Examples demonstrating how the ePDE-\({g}_{5}\) method surpasses other feature detection techniques in terms of the spatial distribution of inliers within the overlapping region of the resulting stitched images (in grayscale). White circles and cross markers represent the approximate locations of inliers

5 Conclusion

Inspired by Einstein's theory of special relativity, we have developed a new feature detection method based on Lorentz-modulated nonlinear scale spaces. This approach aims to enhance the performance of image stitching, particularly in challenging near-uniform scenes that often lack distinctive features due to their featureless or low texture nature. Our method addresses this challenge by incorporating the Lorentz factor into the formulation of the conductivity function of partial differential equation (PDE). This results in novel nonlinear scale spaces that offer richer multiscale structural information, making feature detection more robust. Our experimental results show that our method significantly outperforms many state-of-the-art methods, such as MSER, SIFT, SURF, BRISK, KAZE, A-KAZE, AGAST, ORB, and U-RIFT. Indeed, our method significantly enhances feature detection efficiency and the spatial distribution of inliers across the overlapping region of near-uniform scene images. Although KAZE and A-KAZE excel in feature-rich regions, its performance tends to decline in near-uniform areas. This paper primarily focuses on the conventional image stitching approach, utilizing a novel feature-based detection algorithm. We do not delve into deep learning (DL) as it is not within the scope of this study.

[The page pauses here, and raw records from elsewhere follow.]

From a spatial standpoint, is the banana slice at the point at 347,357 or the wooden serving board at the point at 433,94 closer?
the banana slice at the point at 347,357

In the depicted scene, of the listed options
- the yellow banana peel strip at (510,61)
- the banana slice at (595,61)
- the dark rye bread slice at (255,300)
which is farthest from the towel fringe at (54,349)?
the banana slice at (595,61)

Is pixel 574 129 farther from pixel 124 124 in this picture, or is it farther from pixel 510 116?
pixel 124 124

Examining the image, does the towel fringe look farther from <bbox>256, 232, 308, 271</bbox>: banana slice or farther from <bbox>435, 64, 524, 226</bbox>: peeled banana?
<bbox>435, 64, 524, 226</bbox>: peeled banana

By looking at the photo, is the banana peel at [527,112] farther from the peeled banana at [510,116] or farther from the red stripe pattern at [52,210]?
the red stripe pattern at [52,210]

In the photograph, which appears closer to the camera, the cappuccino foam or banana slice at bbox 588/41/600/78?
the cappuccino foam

Furthermore, we have extended the evaluation method for image stitching performance by employing the latest criteria measures: the spread-overlap \({S}_{o}\) measure and the \({RC/S}_{o}\) score. These criteria offer several advantages over conventional evaluation metrics for assessing the performance of feature detectors and image stitching. The spread-overlap \({S}_{o}\) measure provides valuable information about the inlier’s spatial distribution within the overlapping region. On the other hand, the \({RC/S}_{o}\) score is a reliable indicator to determine the success rate of image stitching. They are both of utmost importance in accurately evaluating the effectiveness of feature detectors and image stitching.

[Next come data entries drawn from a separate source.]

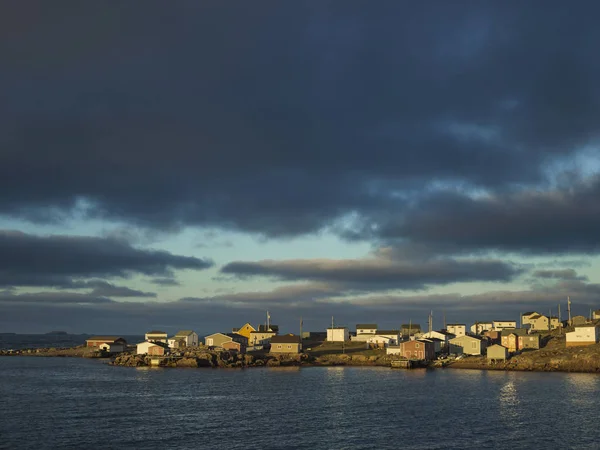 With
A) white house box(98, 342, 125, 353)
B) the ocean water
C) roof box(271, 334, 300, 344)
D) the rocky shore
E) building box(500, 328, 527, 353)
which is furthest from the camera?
white house box(98, 342, 125, 353)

Our proposed feature detection method can be applied to enhance a wide range of multimedia applications, including panoramic stitching, virtual tours, surveillance, satellite imaging, automobile vision, virtual reality, immersive full dome visualization, and more. In line with our future interest, we intend to apply this method to enhance the fusion of astronomical images, thereby improving their matching accuracy for precise image stitching. Astronomical images often capture scenes that are near-uniform, featuring dim and blurry objects against a primarily uniform and noisy background. Detecting sufficiently correct and matchable feature points in these overlapping images for precise alignment is a challenging task. The difficulty often results in misalignment, severe distortion, and visible artifacts (such as ghosting and blurring effects), leading to misinterpretations of astronomical studies. We firmly believe that our proposed Lorentz-based nonlinear diffusion feature detection holds the potential in addressing and improving the challenges associated with astronomical image stitching.